Form along primary fibers. Mostly become fast, white, anaerobic fibers (low myoglobin).

Fiber type pattern (speed/power in adult) is established during fetal development.

Satellite Cells (Muscle Stem Cells)

All postnatal DNA added to fibers comes from satellite cell fusion. Asymmetric division: one daughter fuses with the fiber, one remains as precursor to maintain stem cell pool. Needed for fiber hypertrophy — more DNA required to support protein synthesis in large fibers.

Growth Regulators

Stimulators: IGF-I & IGF-II

IGF-II dominant prenatally, IGF-I postnatally. Stimulate myoblast/satellite cell proliferation (MAPK) and protein synthesis (PI3K → mTOR). Deletion of both reduces body weight by 2/3. Exercise increases muscle-specific IGF isoforms.

Inhibitor: Myostatin (TGF-β family)

Inhibits myoblast and satellite cell proliferation. Expressed in fetus and adult muscle. Loss-of-function mutations → 2× normal muscle mass (Belgian Blue cattle, Bully Whippets). Follistatin blocks myostatin receptor activity.

Critical Periods

Stage	Event	Nutrient Limitation Effect
Embryonic	1° muscle fibers form	↓ primary proliferation, ↓ fiber # (uterine crowding)
Fetal	2° muscle fibers form	↓ secondary proliferation, ↓ fiber # (maternal nutrition)
Postnatal	Fiber hypertrophy + satellite cell fusion	Fiber number fixed; growth via size increase

Epithelial Tissues

Overview

Derived from all 3 germ layers. Tight junctions (cadherins), apical/basal polarity. Includes skin, hair, fur, scales, claws, internal organ linings, blood vessel linings.

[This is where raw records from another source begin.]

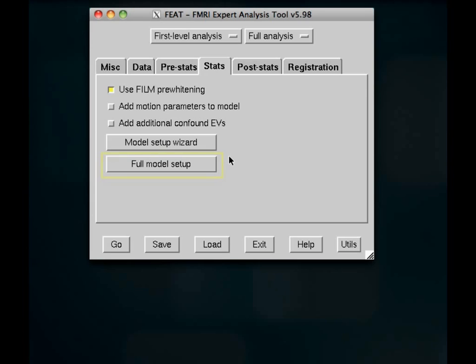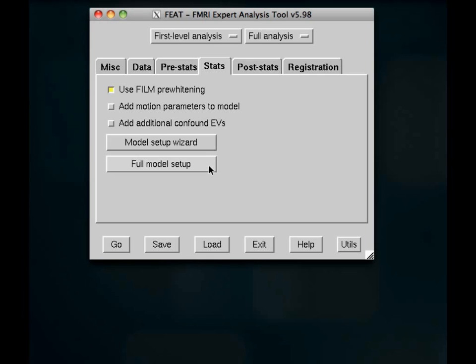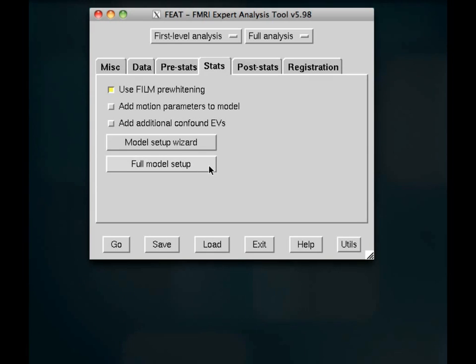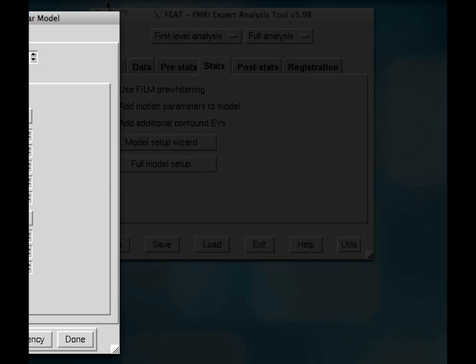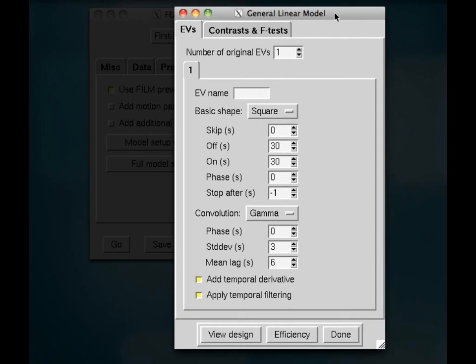So what you're going to be wanting to focus on is the full model setup. The model setup wizard is if you have a very simple block design. Now, for any event-related design, which is more common, you want to use full model setup. So let's go ahead and click on that.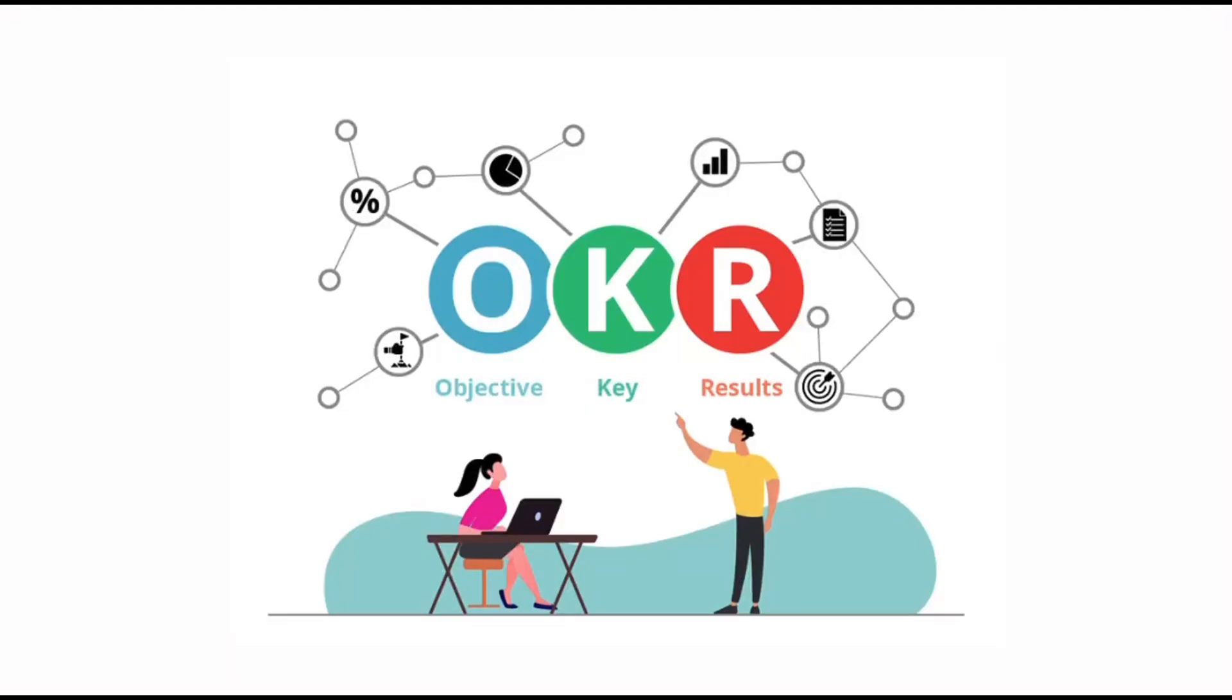So what is OKR? OKR stands for objectives and key results. The good analogy is objective is the point on the horizon that you want to get to and the key results are the measures that confirm to you that you are making the right progress.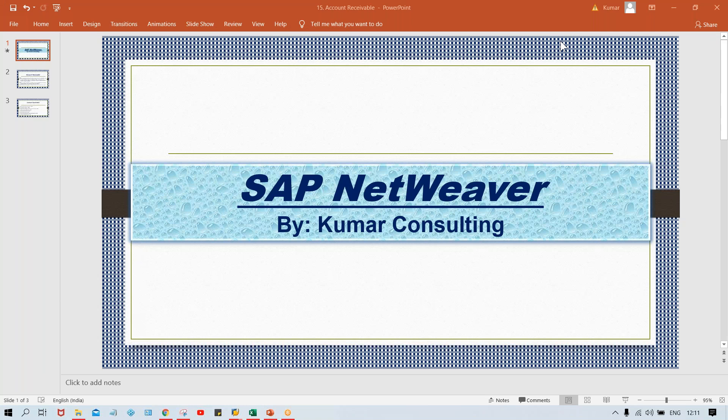Hello guys, welcome back. So now look at here, the topic is SAP NetWeaver. So what is this SAP NetWeaver, guys?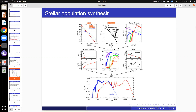Dust generally causes more absorption and scattering at shorter wavelengths — it attenuates UV and blue light much more than red light. By adding the SSP plus star formation history plus chemical evolution plus dust you get what is called the composite stellar population, which is essentially the spectrum of the galaxy. A dust-free composite stellar population is shown as one example, with wavelength on the x-axis and log intensity on the y-axis, though having no dust is of course unrealistic.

Six types classified by cell shape (squamous, cuboidal, columnar) × number of layers (simple vs stratified).

Epidermis Layers (Stratified Squamous)

Cornified Layer (top)

Metabolism stops, organelles lost. Dead keratinized cells.

Granular Layer

Produces lipid granules, cross-links lysine-rich proteins.

Spinous Layer

Non-proliferative. Synthesizes network of keratin filaments (54-member family — main component of skin, hair, hooves, horns).

Basal Layer (bottom)

Proliferative compartment attached to basement membrane. Symmetric division → 2 basal cells (expands skin). Asymmetric division → 1 basal cell + 1 suprabasal cell (begins terminal differentiation).

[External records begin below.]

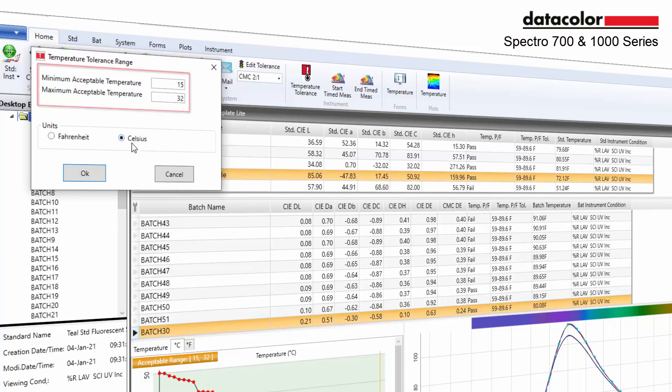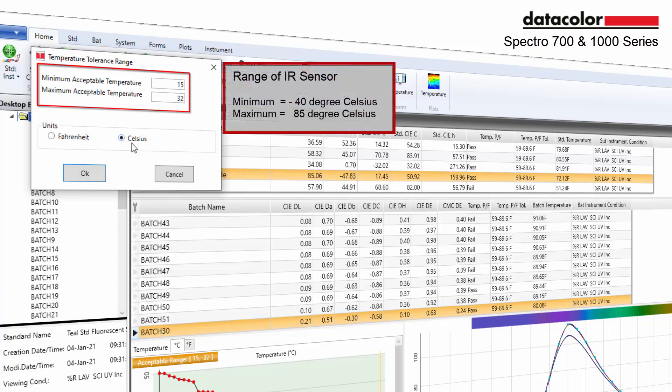The system defaults to 15 to 32 degrees Celsius upon installation.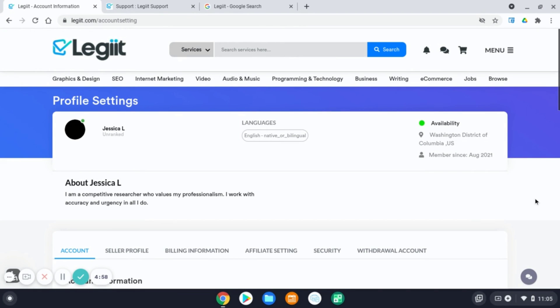Hello! Welcome to Legit. You have successfully registered your Legit account. Now, in order to create your first service, you'll first need to enter in a few details in your profile settings.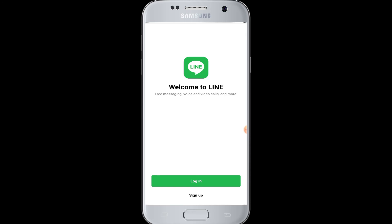I hope this video was helpful to you guys in learning how to download the Line application on your device. Thank you for watching our video till the end. Like and subscribe to our channel and hit the bell icon for more upcoming tutorials. If you have any comments or questions, you can mention them in the comment section.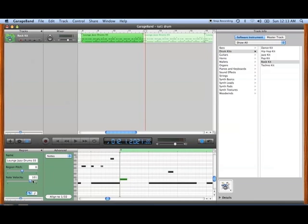You can go over here to the note velocity and actually raise it and increase the volume so that it stands out or decrease it to create, again, nuance and so forth within the music. We've got the snare there.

Regulation of Epidermal Proliferation

Positive: β1 integrin (adhesion to matrix mesenchyme)
Negative: TGF-β (Transforming Growth Factor-β)
Differentiation: Notch signaling (contact-dependent cell-cell interaction)

Epithelium Development

Requires morphogenetic cell sheet movements, junction formation with neighboring epithelial cells (cadherins), and interaction with underlying mesenchyme (production of growth factors like FGFs).